I would like to end my journey of wisdom with a lesson that I learned from one of our youngest members. Ellen and I were conducting one of our Welcoming Shabbat programs for our tots in the community. One of the most adorable three-year-olds wanted to have a little chat with me after the program. Of course, we were doing this over Zoom. After everyone signed off, it was just me and her on the screen. She looked into the camera and said, “Rabbi, I really miss seeing you.” “I miss seeing you, too, sweetheart.” “But what I really miss most of all is that at the end of each Shabbat, I would give you my special gift.” “What was that, maybe you can still give it to me?” “No, Rabbi, that’s the reason why I am so sad. The gift that I would always give you at the end of each Shabbat was a Shabbat hug.” Of course, we hugged virtually, but it definitely wasn’t the same.

             When we think about the entire pandemic experience, we can learn that we need to have hope. We can also learn about savoring every moment. This three-year-old taught me how important a simple but important hug can be. Physical touch, which we have lived with for all of our lives, has been taken away from us during this pandemic. I don’t know if any of you have contemplated this, but we are not as affectionate as we used to be, because we can’t be. And for many of us, it makes us sad. It affects us. The lesson I learned from this three-year-old was how much I miss offering hugs and handshakes to all of you. I hope I’m not alone in realizing just how powerful physical touch can be for so many of us. When this crisis is all over, I hope we all can be committed not to take for granted our hugs, our handshakes, and our embraces.
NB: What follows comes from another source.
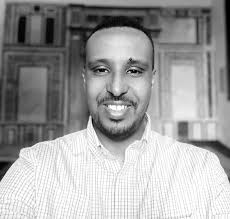 Mohamud Sheikh Abdi (@Mohamud.85) • Facebook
             As a rabbi, I take the search for wisdom seriously. Some look to books, others look to newspapers. Jewish tradition encourages us to look in many places and learn from everyone. This past year I feel like I learned a great deal from our current crisis. Yes, I learned to have hope and savor the moment. But I also learned a great deal from individuals. I learned how important little things are, like first kisses. I learned to focus on what’s truly important from a blushing bride. I learned how important my health is and I shouldn’t take it for granted. I learned about perspective. And I learned to never forsake a hug.

“Who is wise,” the rabbis ask? The one who learns from everyone. May we learn and continue to learn from everyone around us. May we not only learn from the general experience, but may we learn from individuals and their stories and may we share those lessons with everyone that we meet. In doing so, we all become wise.


May 5781 be not only a year of joy and blessing, but may it also be a year of health for everyone.


May it be God’s will as we say together, Amen.